Exercise:
Restate word for word the section of the entries that opens at the line containing "Emilia Clarke /" and closes at the line containing "148 Lake Viking Terrace, Gallatin, MO 64640", both lines kept, pictures dropped.

START Provided entries

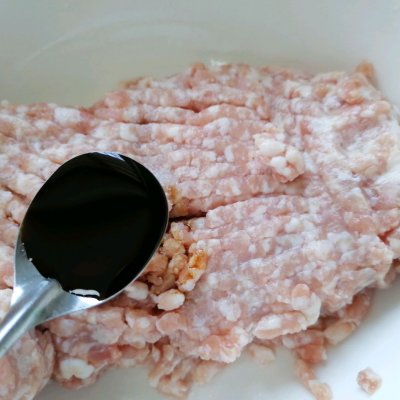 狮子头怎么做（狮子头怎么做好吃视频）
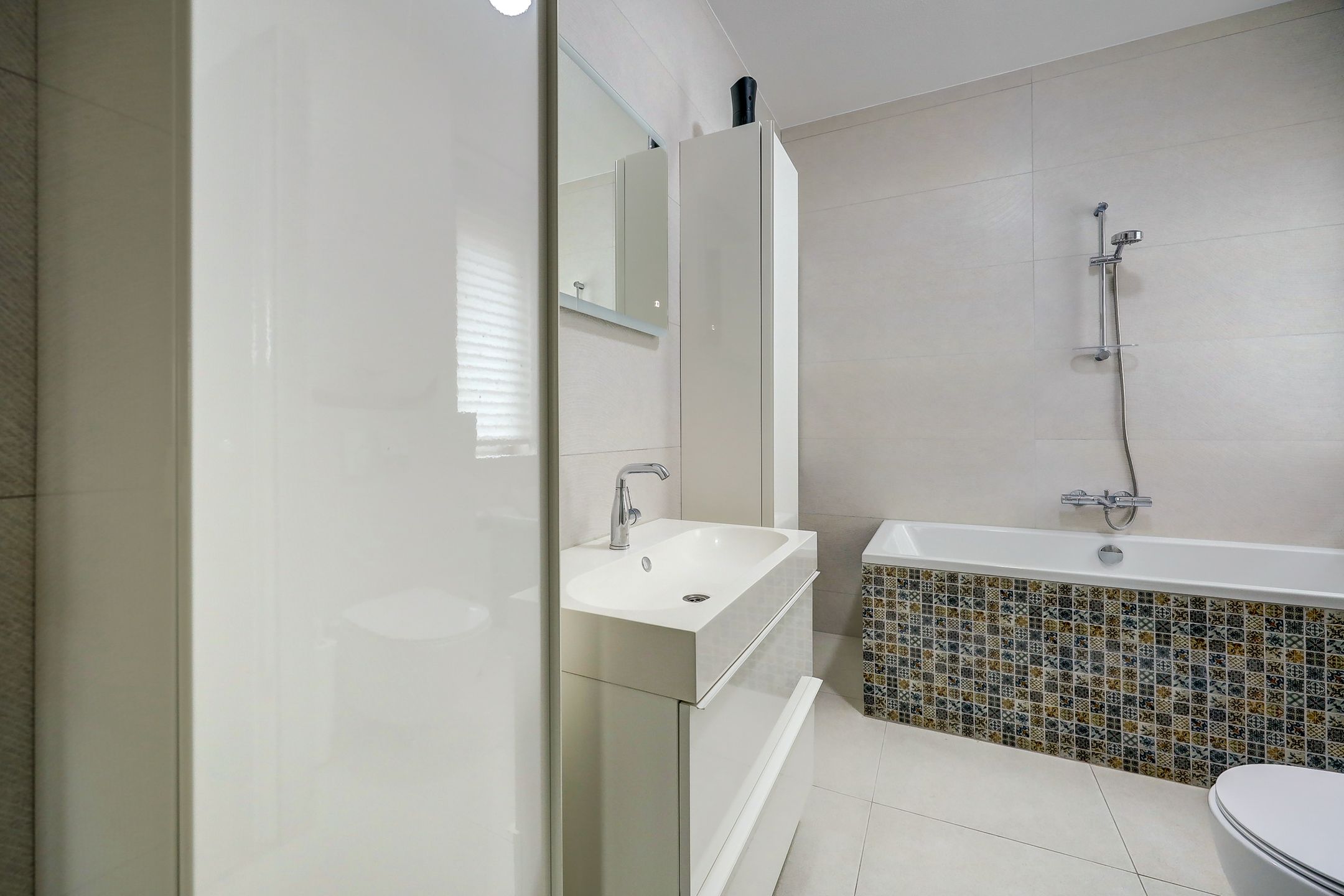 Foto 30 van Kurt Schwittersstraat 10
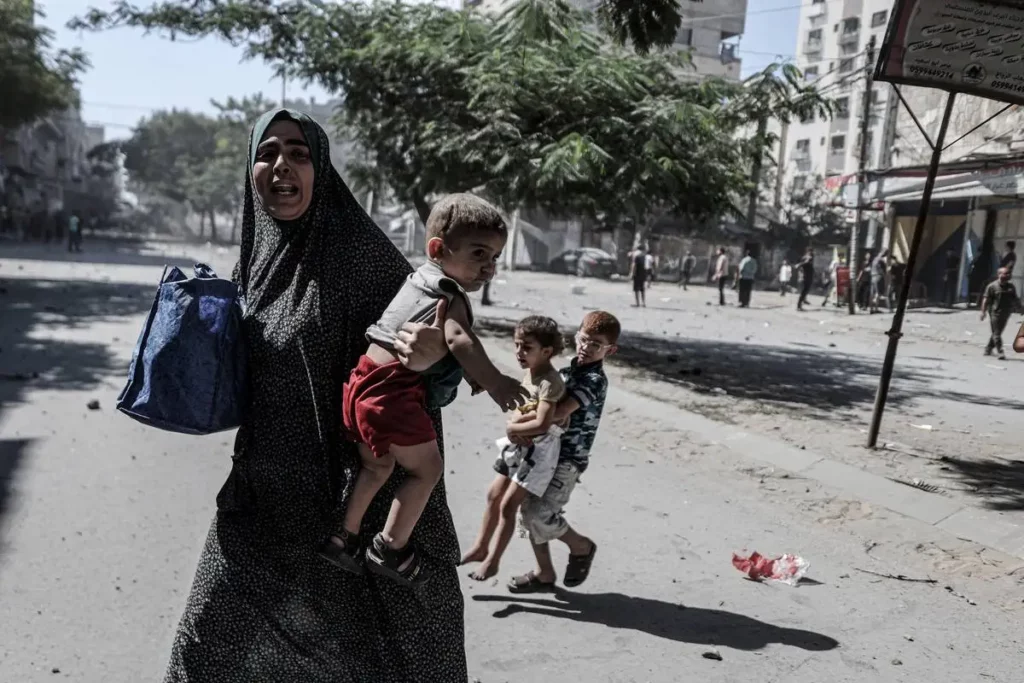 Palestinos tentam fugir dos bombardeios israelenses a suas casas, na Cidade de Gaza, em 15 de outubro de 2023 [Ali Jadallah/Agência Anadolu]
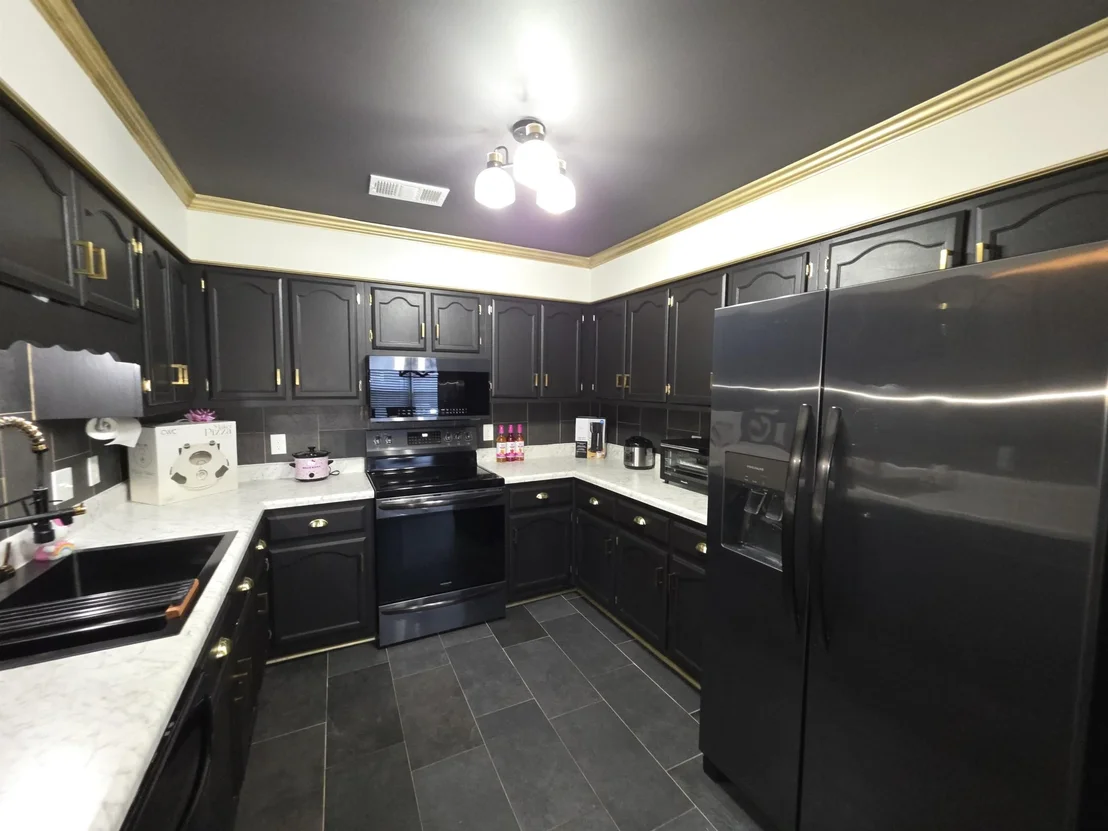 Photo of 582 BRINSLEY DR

END Provided entries
START Provided entries

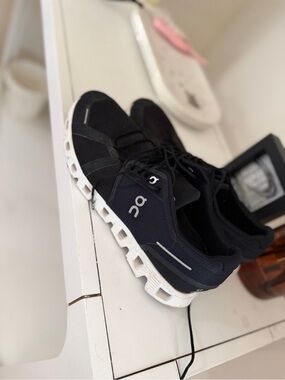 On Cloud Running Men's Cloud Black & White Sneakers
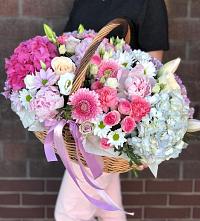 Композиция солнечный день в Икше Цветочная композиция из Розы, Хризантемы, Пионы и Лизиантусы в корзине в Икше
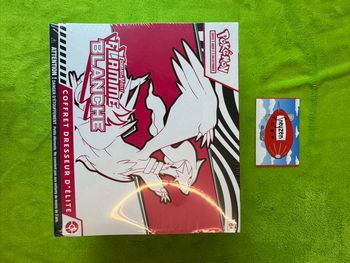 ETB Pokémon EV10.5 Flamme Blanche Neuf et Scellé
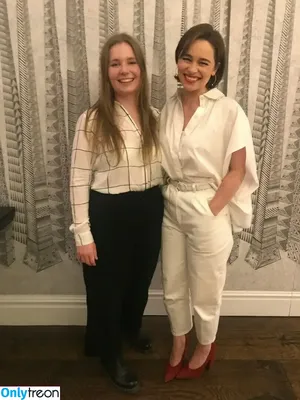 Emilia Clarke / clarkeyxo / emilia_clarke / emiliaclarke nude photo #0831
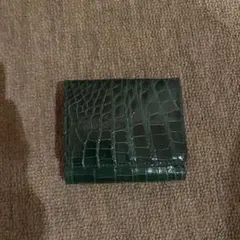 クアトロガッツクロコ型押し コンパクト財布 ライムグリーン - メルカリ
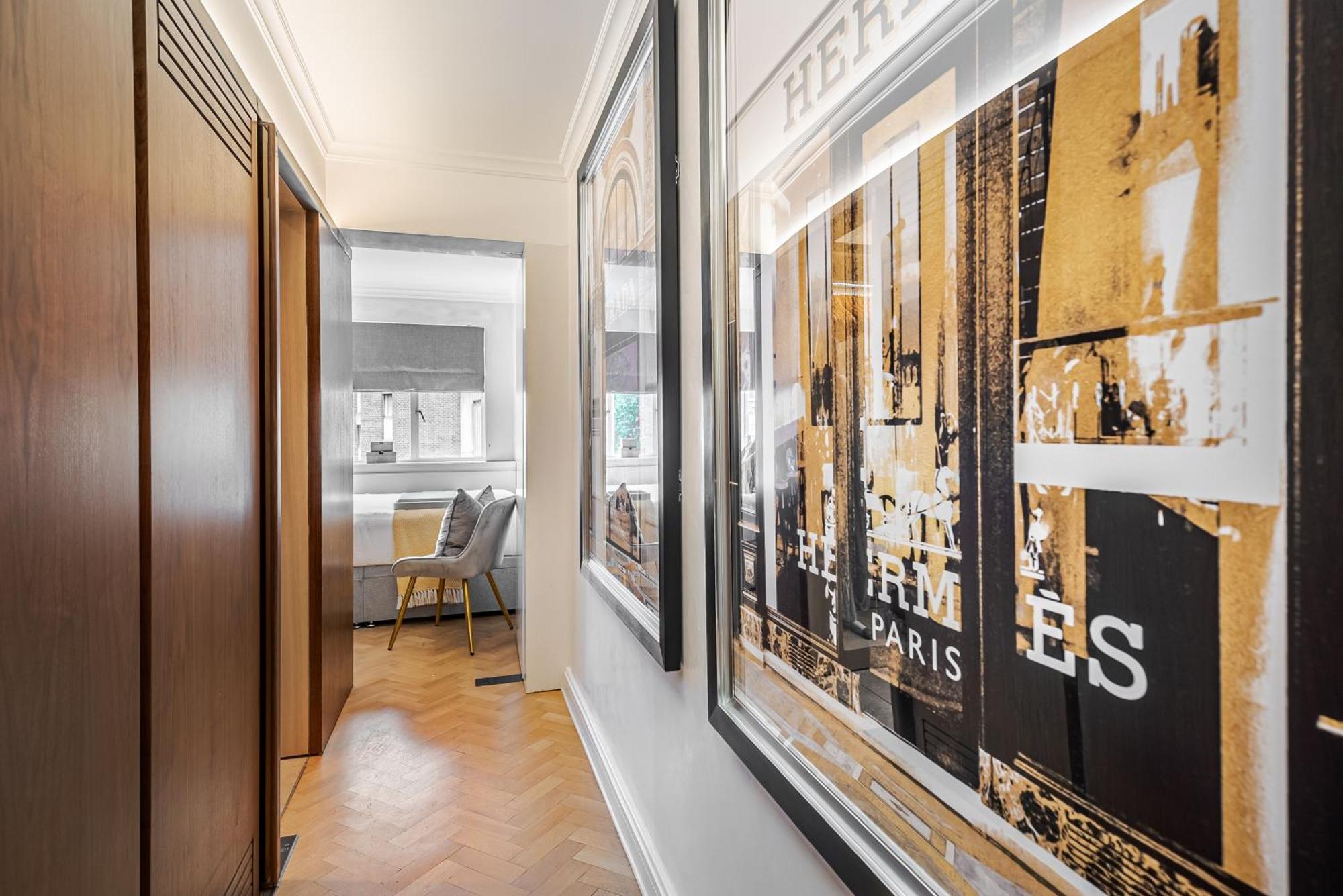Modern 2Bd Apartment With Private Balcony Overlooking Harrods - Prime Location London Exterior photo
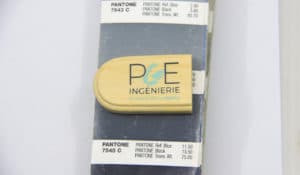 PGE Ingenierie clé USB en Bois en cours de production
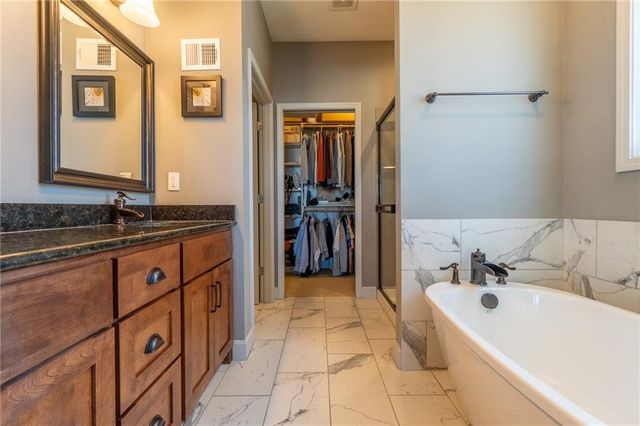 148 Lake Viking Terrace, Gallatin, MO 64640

END Provided entries

Answer to the exercise:
 Emilia Clarke / clarkeyxo / emilia_clarke / emiliaclarke nude photo #0831
 クアトロガッツクロコ型押し コンパクト財布 ライムグリーン - メルカリ
Modern 2Bd Apartment With Private Balcony Overlooking Harrods - Prime Location London Exterior photo
 PGE Ingenierie clé USB en Bois en cours de production
 148 Lake Viking Terrace, Gallatin, MO 64640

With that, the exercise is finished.